Hello, Thanks for your reply.

Tried and things are the same. Launches 4 mpi process, each one on a different GPU, but it looks like each one is solving a 16k x 16k matrix multiplication instead of sharing the load:

mpirun -np 4 ./wrapper.sh ./cosma_miniapp -m 16384 -n 16384 -k 16384 --type=double -r 1
Strategy = Matrix dimensions (m, n, k) = (16384, 16384, 16384)
Number of processors: 4
Overlap of communication and computation: OFF.
Divisions strategy:
parallel (n / 2)
parallel (k / 2)
Required memory per rank (in #elements): 469762048
Available memory per rank (in #elements): not specified (assumed: infinite)

COSMA TIMES [ms] = 3729

vs

mpirun -np 1 ./wrapper.sh ./cosma_miniapp -m 16384 -n 16384 -k 16384 --type=double -r 1
Strategy = Matrix dimensions (m, n, k) = (16384, 16384, 16384)
Number of processors: 1
Overlap of communication and computation: OFF.
Divisions strategy:
Required memory per rank (in #elements): 805306368
Available memory per rank (in #elements): not specified (assumed: infinite)

COSMA TIMES [ms] = 1100

My cfgs:

ml CMake/3.24.3-GCCcore-11.3.0
ml GCC/11.3.0
ml imkl
ml OpenMPI/4.1.4-GCC-11.3.0

ml CUDA/11.7.0

export NCCL_ROOT=home/user/nccl/
export NCCL_LIB_DIR=home/user/nccl/lib/
export NCCL_INCLUDE_DIR=home/user/nccl/include/
export COSMA_OVERLAP_COMM_AND_COMP=OFF

cmake -DCOSMA_BLAS=CUDA -DCOSMA_SCALAPACK=MKL -DCOSMA_WITH_NCCL=ON -DCMAKE_INSTALL_PREFIX=~/cosmaAGAIN ..

Btw, the wrapper.sh is the one provided a few answers ago.

Thanks!!

from cosma.

tcarneirop avatar tcarneirop commented on June 11, 2024

Nothing? =(

from cosma.

kabicm avatar kabicm commented on June 11, 2024

Hi @tcarneirop! I think I know what the problem might be.

However, to be sure, can you please also try running the same on the GPU, but without using NCCL and without using CUDA-aware MPI.

So, in the cmake command you would have the following: -DCOSMA_BLAS=CUDA -DCOSMA_SCALAPACK=MKL -DCOSMA_WITH_NCCL=OFF.

from cosma.

tcarneirop avatar tcarneirop commented on June 11, 2024

Thanks for your reply!

Sure, just one question -- what's the suggested CUDA-aware MPI should I load?

Thanks!

from cosma.

kabicm avatar kabicm commented on June 11, 2024

You should just use the standard MPI, without the cuda-aware part, so you can also add -DCOSMA_WITH_GPU_AWARE_MPI=OFF to cmake, but this is the default value anyway.

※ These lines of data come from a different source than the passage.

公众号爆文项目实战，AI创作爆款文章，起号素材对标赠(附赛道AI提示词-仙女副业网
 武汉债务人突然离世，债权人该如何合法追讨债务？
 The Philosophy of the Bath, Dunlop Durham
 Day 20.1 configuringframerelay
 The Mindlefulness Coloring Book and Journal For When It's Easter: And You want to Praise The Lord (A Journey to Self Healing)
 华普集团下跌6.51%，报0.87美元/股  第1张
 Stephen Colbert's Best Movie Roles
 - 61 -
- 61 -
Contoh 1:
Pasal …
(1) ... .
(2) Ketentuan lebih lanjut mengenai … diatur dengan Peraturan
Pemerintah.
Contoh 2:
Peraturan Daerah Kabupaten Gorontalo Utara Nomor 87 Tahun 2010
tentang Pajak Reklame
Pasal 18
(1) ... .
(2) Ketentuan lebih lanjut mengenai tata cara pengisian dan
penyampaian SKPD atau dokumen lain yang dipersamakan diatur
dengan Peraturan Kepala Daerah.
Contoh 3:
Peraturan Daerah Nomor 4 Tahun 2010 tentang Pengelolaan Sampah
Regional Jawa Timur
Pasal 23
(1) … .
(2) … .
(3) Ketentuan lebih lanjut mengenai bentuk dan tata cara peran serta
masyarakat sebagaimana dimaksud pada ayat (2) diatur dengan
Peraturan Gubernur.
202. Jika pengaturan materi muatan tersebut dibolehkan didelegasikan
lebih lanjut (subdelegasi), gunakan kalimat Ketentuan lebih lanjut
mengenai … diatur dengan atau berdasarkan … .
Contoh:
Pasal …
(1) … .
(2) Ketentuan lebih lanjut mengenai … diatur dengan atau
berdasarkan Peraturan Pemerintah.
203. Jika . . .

We simply want to see the results of COSMA + GPU-backend, but without using nccl and without using cuda-aware MPI.

from cosma.

tcarneirop avatar tcarneirop commented on June 11, 2024

Hello @kabicm

Thanks for your reply!

Ok, with -DCOSMA_BLAS=CUDA -DCOSMA_SCALAPACK=MKL -DCOSMA_WITH_NCCL=OFF -DCOSMA_WITH_GPU_AWARE_MPI=OFF

mpirun -np 1 ./cosma_miniapp -m 16384 -n 16384 -k 16384 --type=double -r 1
Strategy = Matrix dimensions (m, n, k) = (16384, 16384, 16384)
Number of processors: 1
Overlap of communication and computation: OFF.
Divisions strategy:
Required memory per rank (in #elements): 805306368
Available memory per rank (in #elements): not specified (assumed: infinite)


COSMA TIMES [ms] = 1081
mpirun -np 4 ./wrapper.sh ./cosma_miniapp -m 16384 -n 16384 -k 16384 --type=double -r 1
Strategy = Matrix dimensions (m, n, k) = (16384, 16384, 16384)
Number of processors: 4
Overlap of communication and computation: OFF.
Divisions strategy:
parallel (n / 2)
parallel (k / 2)
Required memory per rank (in #elements): 469762048
Available memory per rank (in #elements): not specified (assumed: infinite)

COSMA TIMES [ms] = 3020


My modules:
ml CMake/3.24.3-GCCcore-11.3.0
ml GCC/11.3.0
ml imkl
ml OpenMPI/4.1.4-GCC-11.3.0
ml CUDA/11.7.0

Thanks!!

from cosma.

kabicm avatar kabicm commented on June 11, 2024

Thanks a lot for detailed benchmarking!

I see two possibilities here:

  • I just realized that the number of repetitions is set to 1. The initial run is always allocating the memory pools (both CPU and GPU), so the timing here includes all the one-time overheads. For this reason, It would be better to set -r 3 or higher, because then the subsequent runs will reuse the pre-allocated memory, so that we can see the actual compute time without the overheads.
  • this might still be a small matrix size to fully utilize the 4xGPUs, so you should try with larger sizes as well. On P100, I was running m=n=k=30k (double precision) on a single GPU. If there is not enough work, then a single GPU might be faster.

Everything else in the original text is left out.